Snowflake does not require VARCHAR columns to have a limit specified, with no performance or storage penalty, simplifying the declaration significantly. We optimize the schema by declaring the table as TRANSIENT and disabling time travel (DATA_RETENTION_TIME_IN_DAYS = 0). The former turns off Snowflake’s fail-safe feature, which retains a copy of the data for seven days for emergency recovery, which is not required in our case and reduces costs. ClickHouse Cloud supports backups, providing a similar function to failsafe - these are incorporated into the storage cost. While powerful, the time travel feature, which allows historical data to be queried, is not required for our real-time analytics.

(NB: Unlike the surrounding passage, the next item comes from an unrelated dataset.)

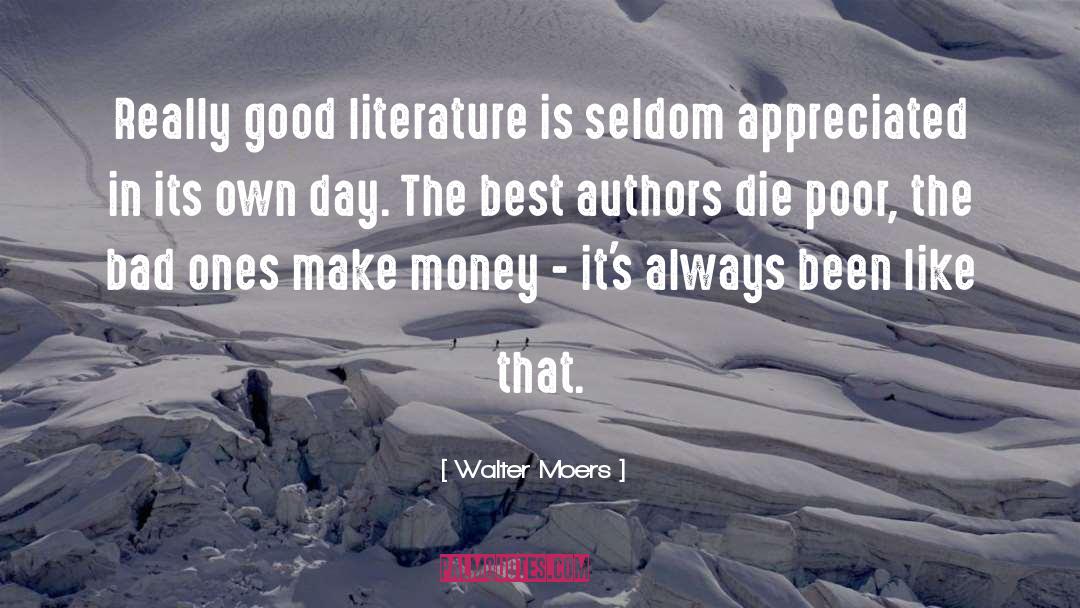 Walter Moers Quotes: Really good literature is seldom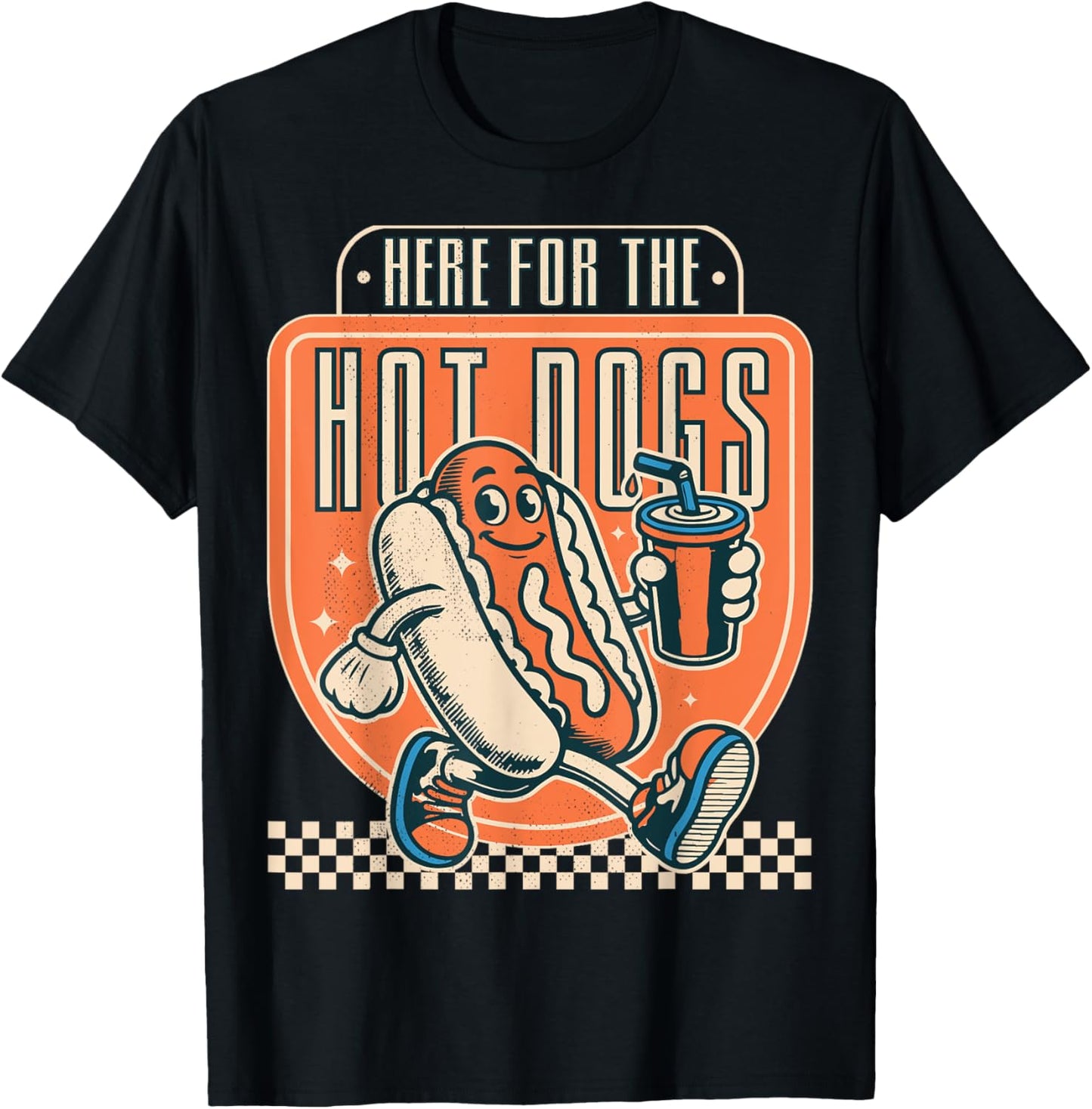 Here for the hot dogs. T-Shirt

An astute reader will have noticed the above schemas are not the same as the original BigQuery schema, which has an additional level of nesting with some columns underneath a details column. We have removed this extra level at export time to simplify the schema for both ClickHouse and Snowflake. This makes subsequent queries simpler.

Initially we have not specified a clustering key, but we do it in further experiments, once data is loaded.

Results

These tests were performed on ClickHouse 23.6, unless stated, and in the first 2 weeks of June for Snowflake.

Summary

Based on our benchmarking results, we can draw the following conclusions when comparing Snowflake and ClickHouse's performance for this scenario:

ClickHouse offers up to 38% better compression than the best offered by Snowflake with clustering enabled.
Clustering in Snowflake improves compression by up to 45% in our tests. This feature appears essential for query performance to be remotely competitive with ClickHouse, especially when filtering on ordering keys. However, it comes at significant costs due to the background processes responsible for ordering the data.
ClickHouse is up to 2x faster at loading data than Snowflake, even with a comparable number of vCPUs and when ignoring the time required for Snowflake to cluster data. This also assumes file sizes are optimal for Snowflake - it appears to perform significantly worse on smaller files.
A workload where queries can exploit a clustering/ordering key is the most common in real-time analytics use cases. In this scenario, ClickHouse is 2-3x faster for hot queries than a Snowflake warehouse which has more vCPUs (177 vs. 256) and is configured with an equivalent optimized clustering key. This performance difference is maintained across all tests, even when aggregating by columns on which the ClickHouse and Snowflake tables are not ordered/clustered by.
The difference in cold queries is less dramatic, but ClickHouse still outperforms Snowflake by 1.5 to 2x. Furthermore, clustering comes at a significant additional cost. For further details, also see Cost analysis.
Materialized views in Snowflake are comparable to ClickHouse projections, albeit with more restrictions, and offer strong performance gains for queries. For our limited workload, these offered greater improvement than projections, even still, mean performance is 1.5x slower than ClickHouse.
Snowflake is around 30% faster than ClickHouse on GROUP BY queries which cannot efficiently exploit ordering/clustering keys and are forced to scan more data. This can partially be attributed to the higher number of vCPUs but also its ability to distribute work across nodes efficiently. The equivalent feature in ClickHouse, parallel replicas, is currently experimental and subject to further improvements.
For queries that require full table scans, such as LIKE, Snowflake offers more consistent query performance with lower 95/99th percentiles than ClickHouse, but higher mean performance.
Secondary indices in ClickHouse are comparable in performance for LIKE queries to Snowflakes Search Optimization Service, with better hot performance, but slightly slower cold performance. Whereas this feature in ClickHouse adds minimal cost, with only slightly raised storage, it adds significant expense in Snowflake - see Cost analysis.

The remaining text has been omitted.